* WHAT TO WORK ON:
All the lines below need retyping exactly, apart from the images.

* DATASET EXTRACT:
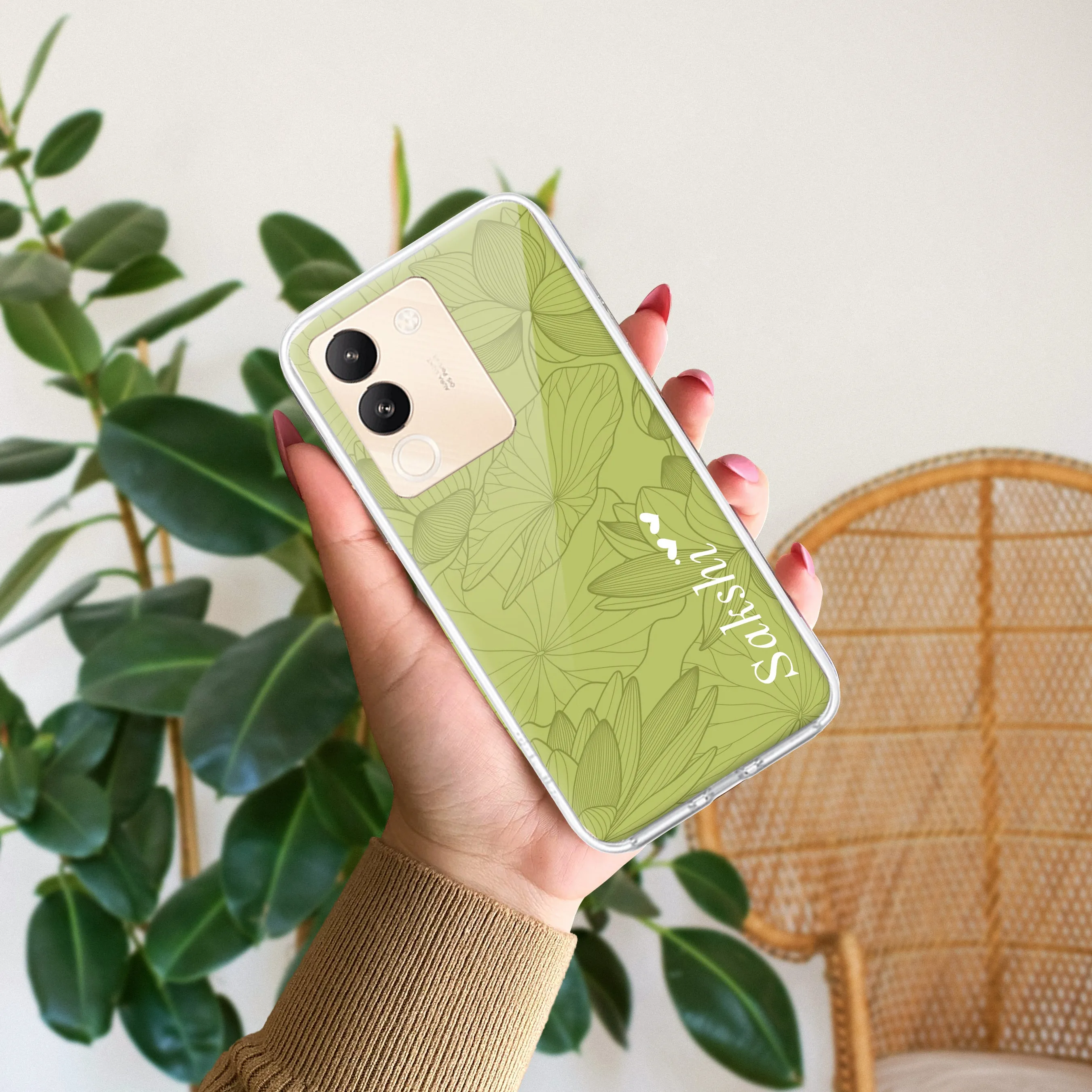 Customized luxury Mint Green leaves Transparent Silicon Case For Vivo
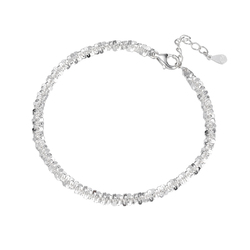 [miss Z] 925 Sterling Silver Anklet With Broken Silver Stars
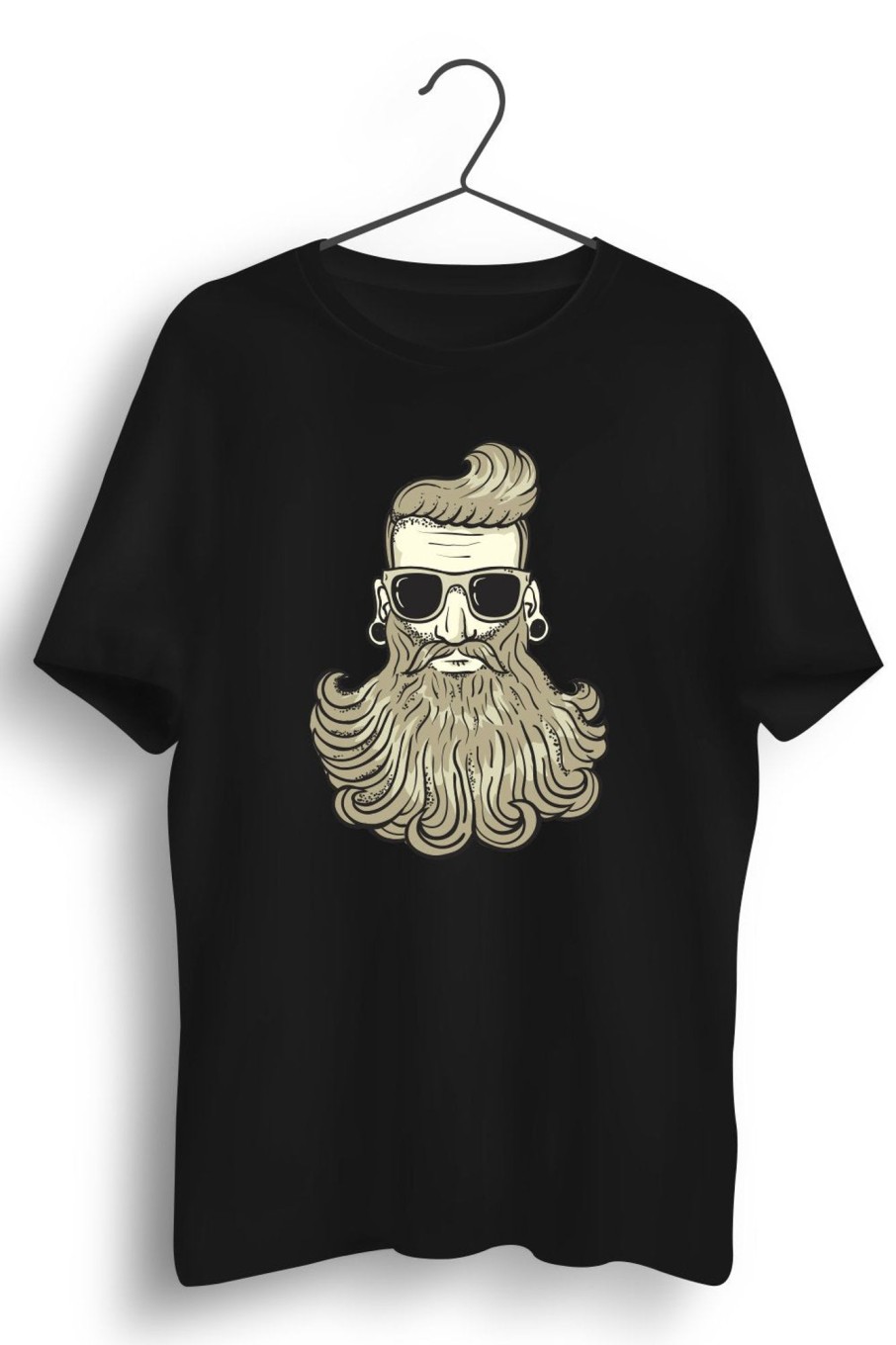 Men Styched | Bearded Hipster Graphic Printed Black Tshirt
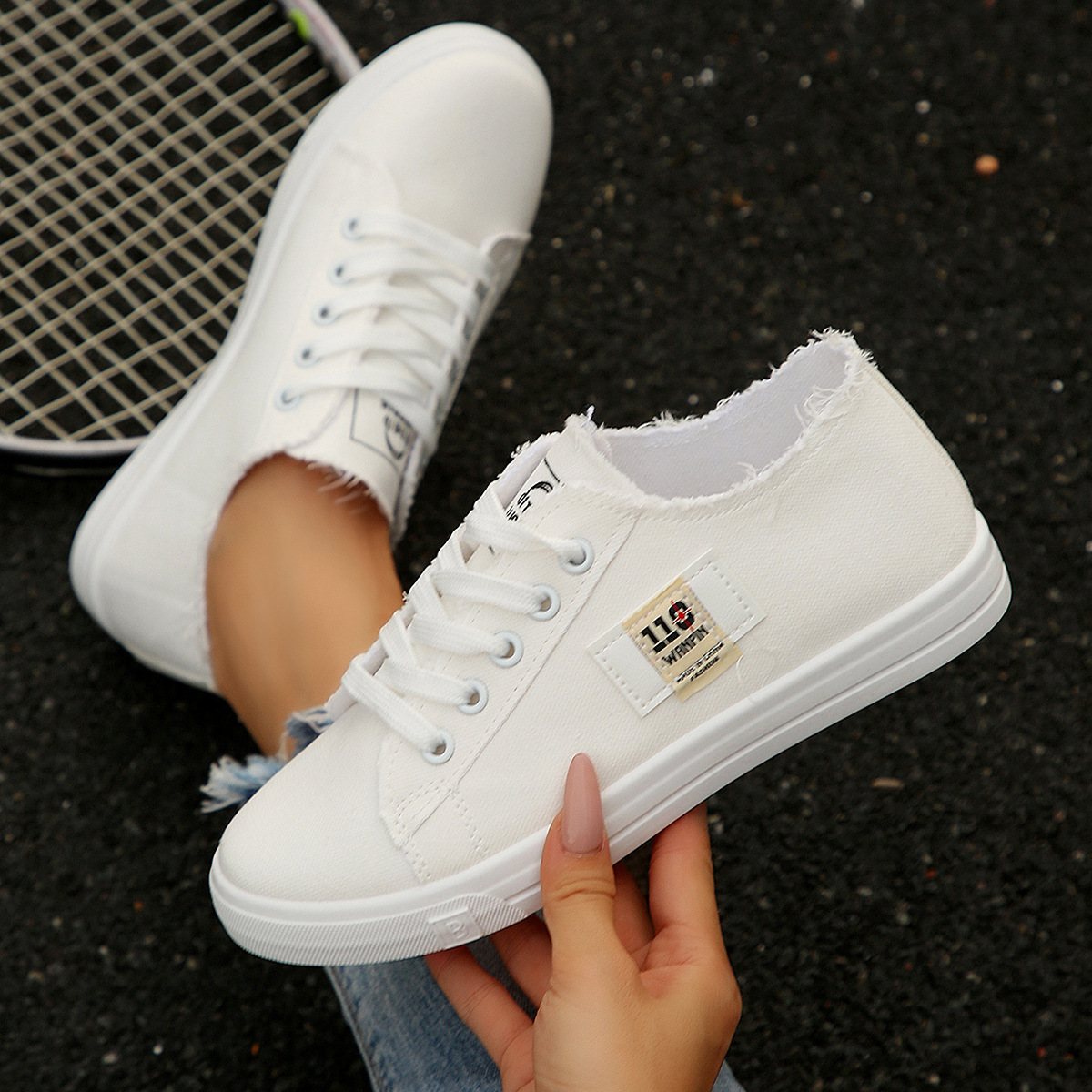 小白鞋女ins潮2025年新款春秋季帆布鞋学生休闲百搭平底百搭小众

* REPLY TO THE TASK:
 Customized luxury Mint Green leaves Transparent Silicon Case For Vivo
 [miss Z] 925 Sterling Silver Anklet With Broken Silver Stars
 Men Styched | Bearded Hipster Graphic Printed Black Tshirt
 小白鞋女ins潮2025年新款春秋季帆布鞋学生休闲百搭平底百搭小众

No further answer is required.